*What you are asked to do:* Only the lines from the one containing "Gîte pour 6" through the end of the entries are wanted, retyped exactly and without pictures.

*Data extract:*
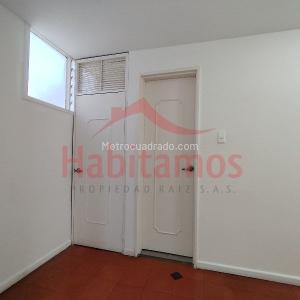 Apartamento de 2 alcobas en arriendo en Laureles, Medellín, 110 m² · foto 7 de 15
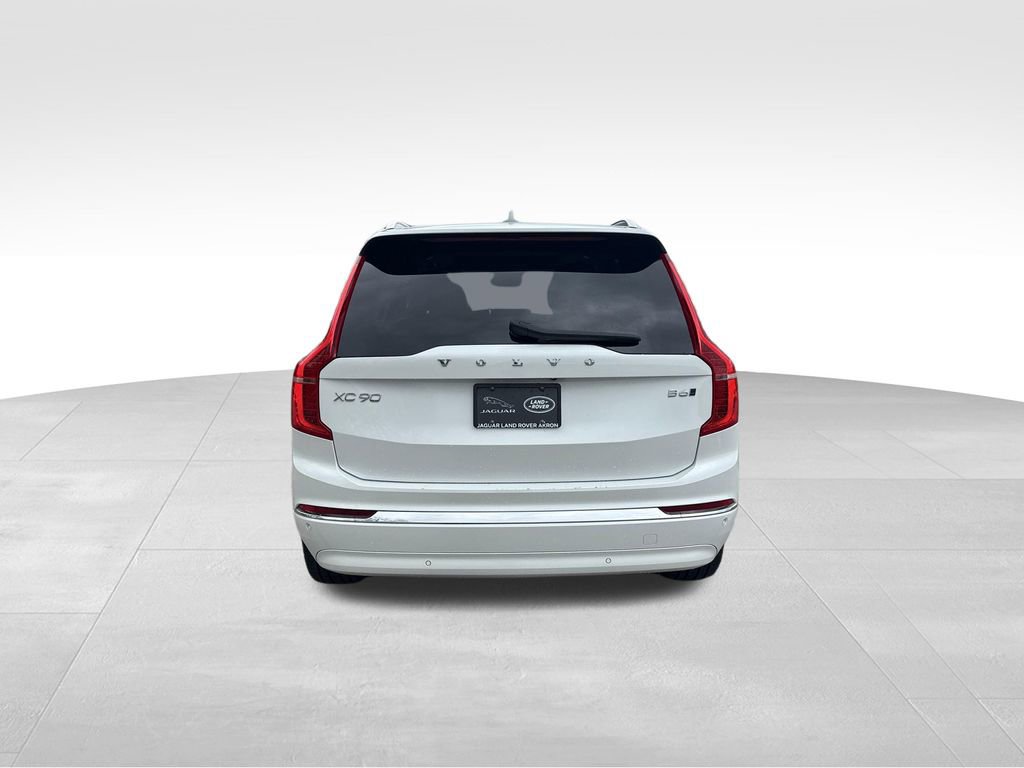 Used 2024 Volvo XC90 B6 Plus w/ Protection Package image 8
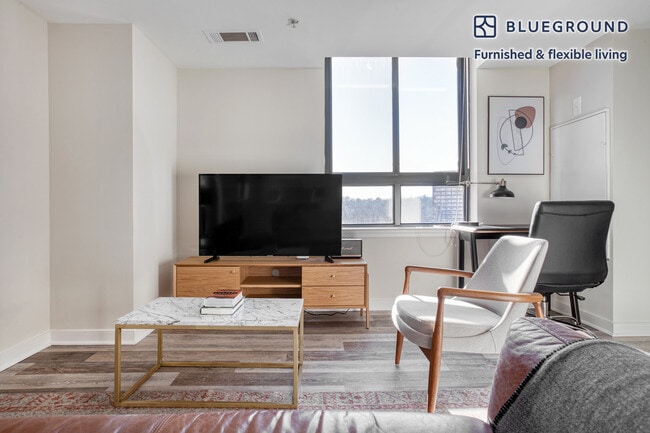 Photo - 901 15th St S Unit FL9-ID371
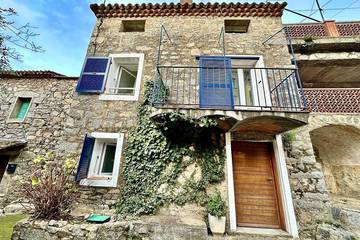 Gîte pour 6 personnes, avec jardin et balcon, animaux acceptés à Sari-d'Orcino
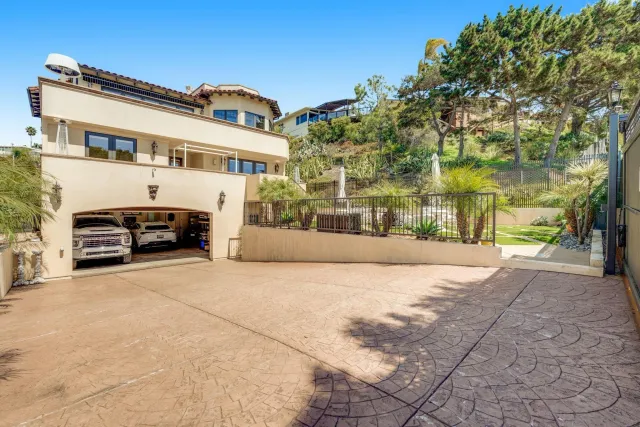 $3,750,000 | 1045 Van Nuys Street, San Diego, CA 92109
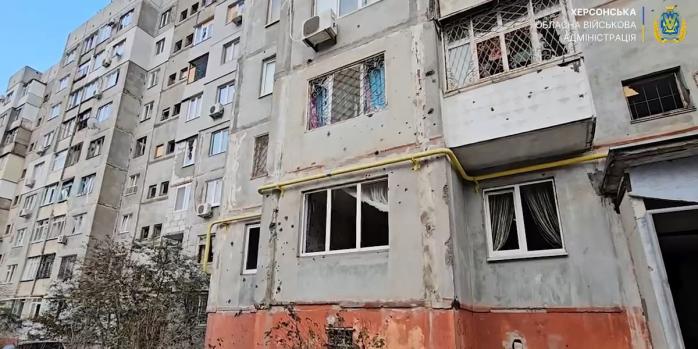 Последствия атаки по Херсону, фото: Херсонская ОВА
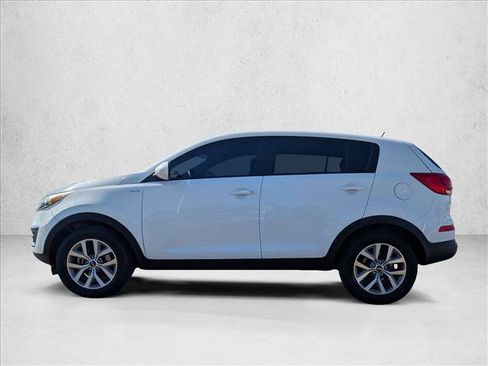 Used 2016 Kia Sportage LX AWD/4WD image 9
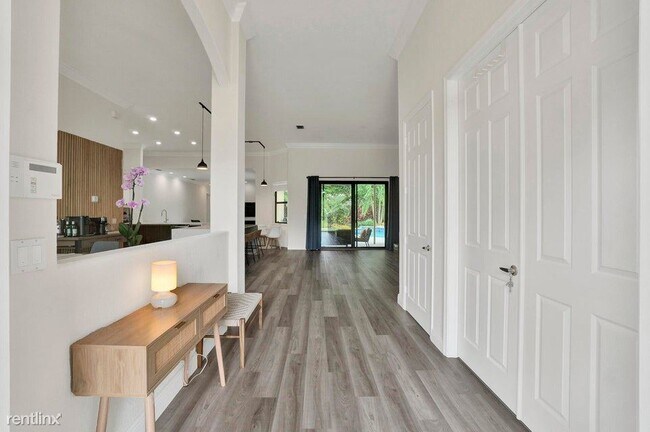 Building Photo - 4 br, 3 bath House - 5718 NW 50th Dr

*Reply to the exercise:*
 Gîte pour 6 personnes, avec jardin et balcon, animaux acceptés à Sari-d'Orcino
 $3,750,000 | 1045 Van Nuys Street, San Diego, CA 92109
 Последствия атаки по Херсону, фото: Херсонская ОВА
 Used 2016 Kia Sportage LX AWD/4WD image 9
 Building Photo - 4 br, 3 bath House - 5718 NW 50th Dr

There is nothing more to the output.